Q: Your express caf & #233;s hit hard times a few years ago and there were problems with the frozen pizza business, too. Do you think you’re overextended?


A:

I let somebody from Harvard Business School control the express cafes, somebody who made up big spreadsheets and great projections and wasn’t an operator, so I almost went down. And it cost money to come back out of it. So now I have somebody who I trust. So now we have money in the bank. We have a few licensees who are really good, a few we are still going to try to shake out, but overall we are much, much better off.



Q: You sold your frozen pizza business to Con Agra, but eventually bought it back after a poor showing. What’s different about the new version, which is prepared by the Schwan Food Co.?


A:

We are producing it right here down in Torrance. And I said I want it to be exactly the way I want it. Now if there’s something wrong, I can go down there, bring Sherry in and tell her to fix the crust and I’ll work on the toppings and we’ll rectify it.



Q: So you don’t think you’ve taken your brand too far?


A:

I think just like if you look at Armani or Pierre Cardin, their brand extension is pretty vast, too. Some of them even growing out of their own fields and doing different things, like Armani building a hotel, or designing a hotel in Dubai or having restaurants. So I try to stay in the food world. I’m not going to do clothes or shoes or jewelry or sunglasses or anything like that. So think as long as I stay in food, I’m OK.



Q: Are you going go open more restaurants? And since you can’t be there in all of them, why?


A:

We’ll open more restaurants because I have all these chefs who all want to be a chef in a restaurant. We open as we train our people.

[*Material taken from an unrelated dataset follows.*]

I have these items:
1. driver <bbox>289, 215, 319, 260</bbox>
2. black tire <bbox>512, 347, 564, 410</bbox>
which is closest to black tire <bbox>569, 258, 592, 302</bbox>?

Q: You’ve gotten a big following based on the Home Shopping Network infomercials you use to sell your products. Why does that format work so well for you?


A:

Because it’s completely free form. Most of the Food Network shows are too scripted and too uptight. And it’s not fun. If I could find something fun, I would love to do a television show where you can show people cooking is fun.



Q: What projects are next on your agenda?


A:

Right now I’m working on a TV show for kids. We have so much obesity, so much diabetes. So I’ll be animated, the oven, the stoves, the blender, the garbage can, everything will be animated so it’s going to be a like a crazy kitchen. But I want kids to learn something also. We talk about nutrition and geography, where it comes from, and things like that.

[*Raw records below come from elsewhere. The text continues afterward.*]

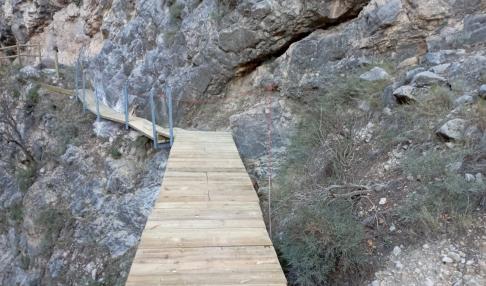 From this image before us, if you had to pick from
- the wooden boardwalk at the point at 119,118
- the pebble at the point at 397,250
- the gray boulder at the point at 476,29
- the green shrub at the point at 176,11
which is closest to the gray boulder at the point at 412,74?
the gray boulder at the point at 476,29

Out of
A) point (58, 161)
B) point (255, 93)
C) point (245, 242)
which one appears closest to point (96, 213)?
point (58, 161)

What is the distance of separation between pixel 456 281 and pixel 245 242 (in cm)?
161

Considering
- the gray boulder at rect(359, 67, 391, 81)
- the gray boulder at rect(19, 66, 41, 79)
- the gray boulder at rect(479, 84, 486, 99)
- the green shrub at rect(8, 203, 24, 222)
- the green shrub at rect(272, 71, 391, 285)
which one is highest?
the gray boulder at rect(479, 84, 486, 99)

Q: You’re starting a line of baby food. Why?


A:

Each time Gelila or I buy some baby food, it tastes so horrible. So no wonder kids get older and are eating fast food, because it starts out being the most boring thing.

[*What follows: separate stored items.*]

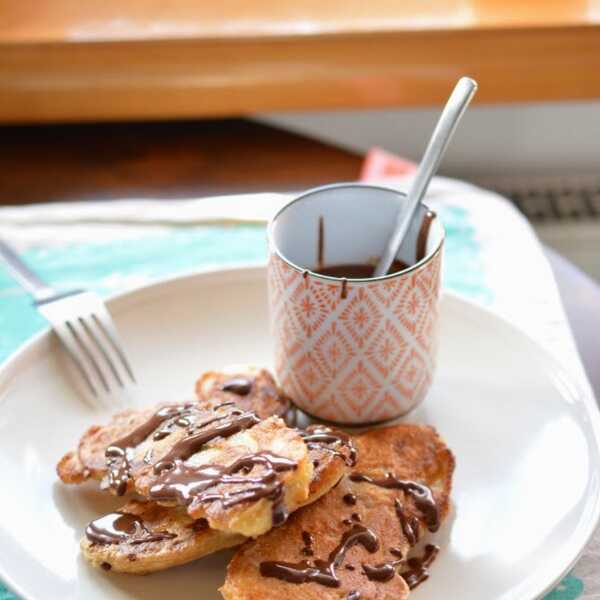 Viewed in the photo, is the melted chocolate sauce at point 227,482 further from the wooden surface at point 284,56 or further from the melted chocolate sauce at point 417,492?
the wooden surface at point 284,56

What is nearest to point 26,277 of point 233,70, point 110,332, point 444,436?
point 110,332

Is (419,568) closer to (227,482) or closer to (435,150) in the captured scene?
(227,482)

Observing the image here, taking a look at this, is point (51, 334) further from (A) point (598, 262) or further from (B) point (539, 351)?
(A) point (598, 262)

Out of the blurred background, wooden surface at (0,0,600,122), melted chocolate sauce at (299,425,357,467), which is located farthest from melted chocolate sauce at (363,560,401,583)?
→ wooden surface at (0,0,600,122)

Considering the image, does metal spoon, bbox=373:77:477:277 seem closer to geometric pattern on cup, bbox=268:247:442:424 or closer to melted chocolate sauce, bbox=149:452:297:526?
geometric pattern on cup, bbox=268:247:442:424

Q: What’s behind your commitment to go all-organic?


A:

I think at the end of the day we have to be able to say the source of our food is as good as it possibly can be, and if it’s organically grown vegetables, if it’s certain fish we have to farm, we’ll do it, but you have to do that right, too. With some farm salmon, they’re so close together and they give them all the chunks to eat and so all of a sudden, the whole thing makes no sense anymore. So I think there has to be a certain balance.



Q: What economics do you consider when you look one of your restaurants?


A:

With many restaurants about two-thirds of the profits are food sales. The other third is beverages wine, alcohol and stuff like that. You can’t sell it at a loss, not for long. So you say, if I buy a steak for $10 and my overhead and my labor cost is that high, I’m going to multiply it by three to cover the costs. I think it’s the same thing with wine. Now, it doesn’t mean you have to multiply it by three; it depends what your markup is. If I buy a bottle of wine for $500, I say I can sell it for $700. I don’t have to charge $1,500, because I still made $200.



Q: But isn’t it better to make more?


A:

I’d rather sell 10 bottles than one bottle. That way people also think that they get a good deal. I always want people to think they got a good deal.



Q: You’re 57 years old. Are you planning to retire?


A:

For me, I think the worst thing would be to retire. I don’t think I could ever find anything I love as much as cooking.